--- Work to be completed ---
Without including any images, output the listing below exactly.

--- Given records ---

◆ ◆ ◆ ◆ ◆ ◆ ◆

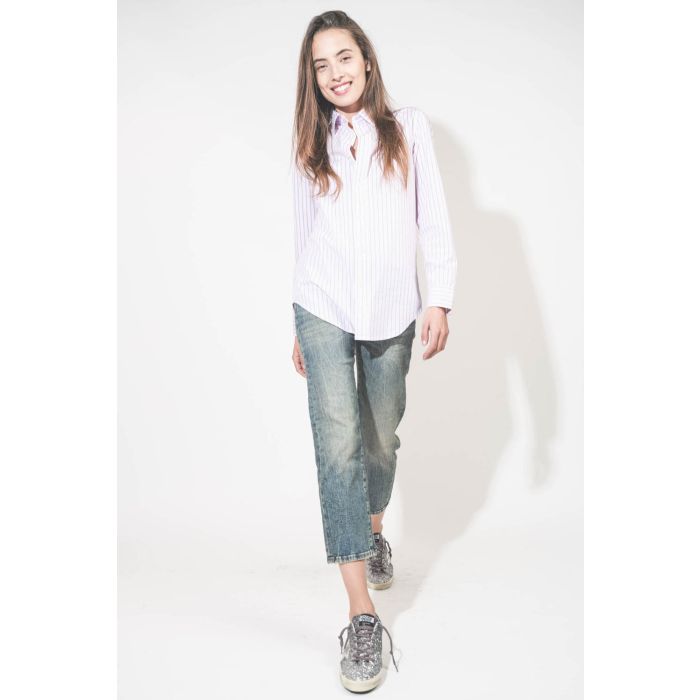 Chemise en popeline de coton rayé rose-bleu-blanc Boyfriend Denimist. Portée de face avec un jean Boy Straight bleu R13 denim et des sneakers en cuir à paillettes Super-Star Golden Goose. 
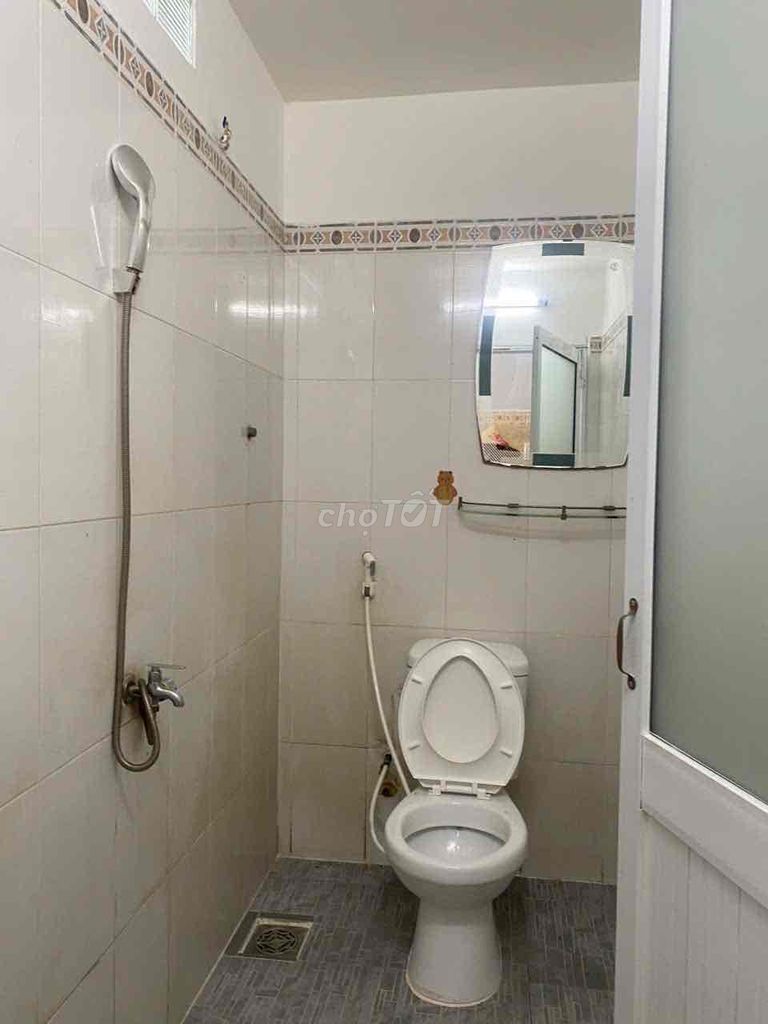 4th grade 2 bedroom one bedroom one bathroom 1 pb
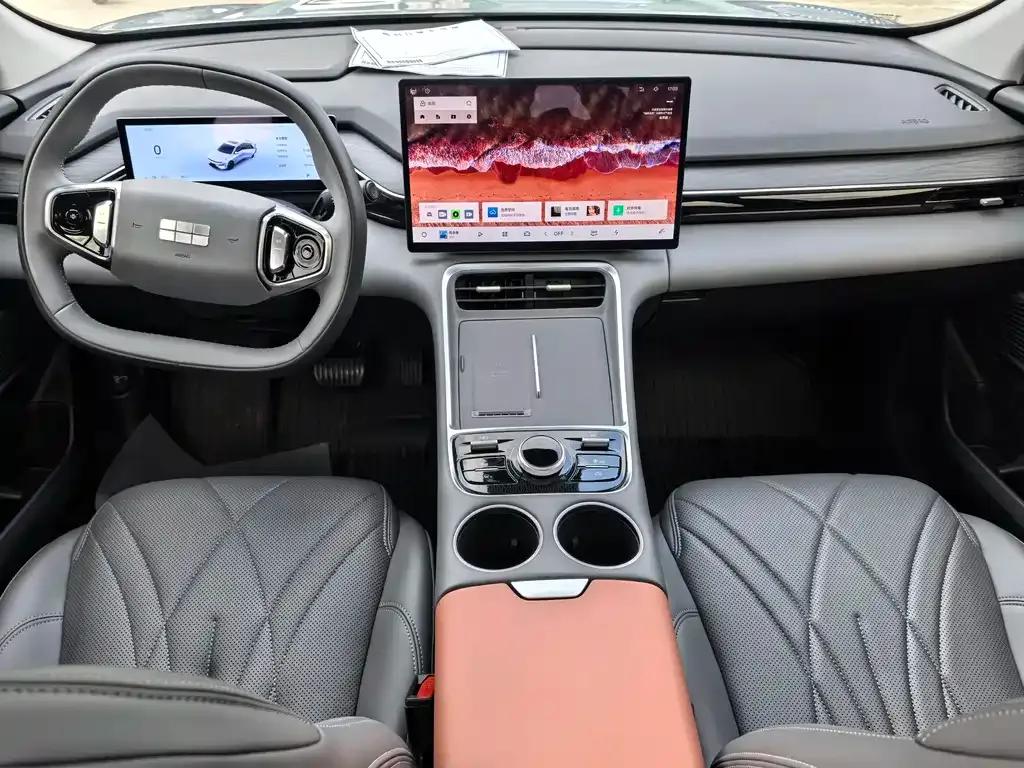 Geely Galaxy L6 — фото 10
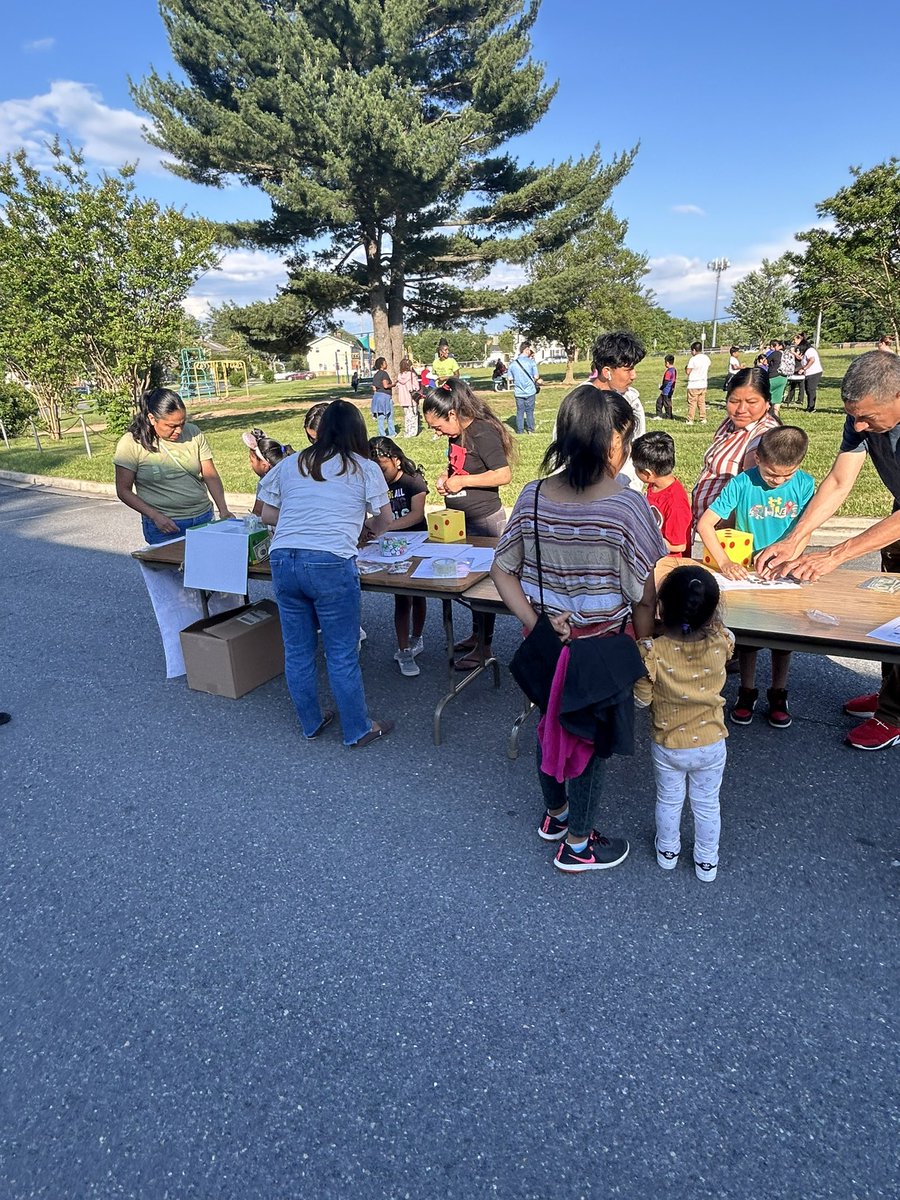 It was the most perfect night for our last Title 1 family event with Stem Activities. Simply the best staff working for the best students in a great community.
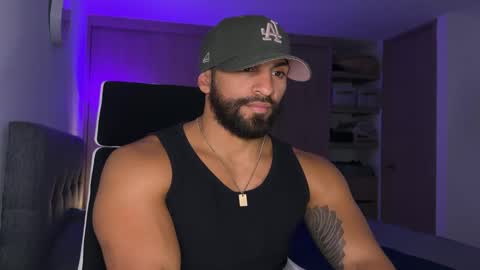 Snapshot of samdornan chatting on February 11, 10:18 pm Sam Dornan online show from February 11, 10:18 pm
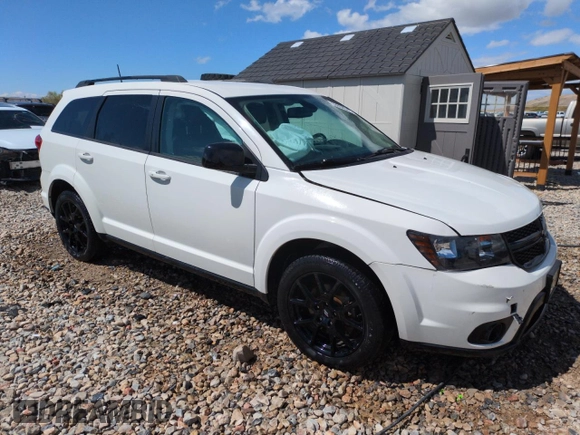 2019 Dodge Journey GT with VIN 3C4PDDEGXKT875575, listed as a Copart auction lot 53664045 with 65,268 mi miles and Salvage Title. Bid and sale history available at DreamBid. Image 4.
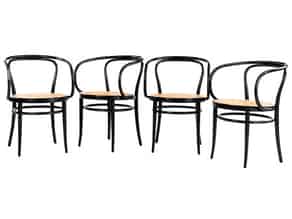 Detailabbildung:  Satz von vier Armlehnstühlen gemarkt „Thonet“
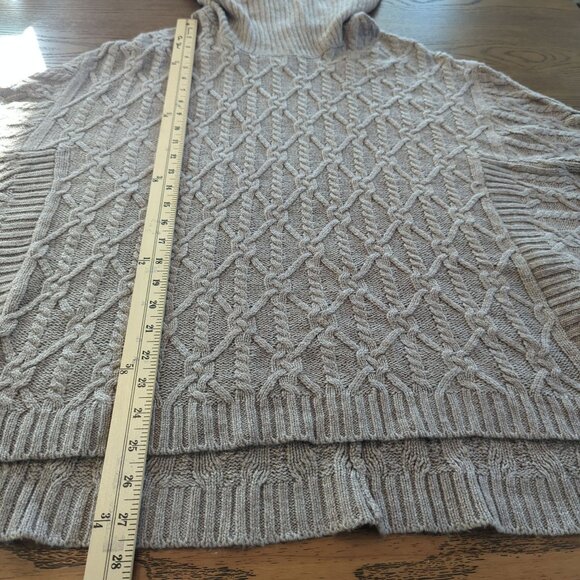Design History Women’s Poncho Tan Sweater Large Cowl Neck Cable Knit Pullover - Picture 10 of 10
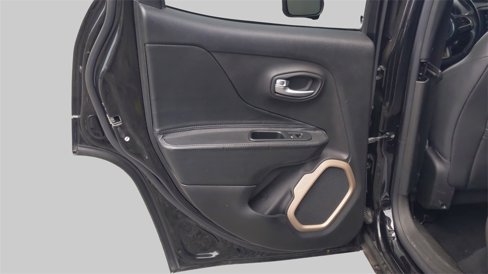 Used 2015 Jeep Renegade Limited image 29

◆ ◆ ◆ ◆ ◆ ◆ ◆

--- Task answer ---
 Chemise en popeline de coton rayé rose-bleu-blanc Boyfriend Denimist. Portée de face avec un jean Boy Straight bleu R13 denim et des sneakers en cuir à paillettes Super-Star Golden Goose. 
 4th grade 2 bedroom one bedroom one bathroom 1 pb
 Geely Galaxy L6 — фото 10
 It was the most perfect night for our last Title 1 family event with Stem Activities. Simply the best staff working for the best students in a great community.
 Snapshot of samdornan chatting on February 11, 10:18 pm Sam Dornan online show from February 11, 10:18 pm
 2019 Dodge Journey GT with VIN 3C4PDDEGXKT875575, listed as a Copart auction lot 53664045 with 65,268 mi miles and Salvage Title. Bid and sale history available at DreamBid. Image 4.
 Detailabbildung:  Satz von vier Armlehnstühlen gemarkt „Thonet“
Design History Women’s Poncho Tan Sweater Large Cowl Neck Cable Knit Pullover - Picture 10 of 10
 Used 2015 Jeep Renegade Limited image 29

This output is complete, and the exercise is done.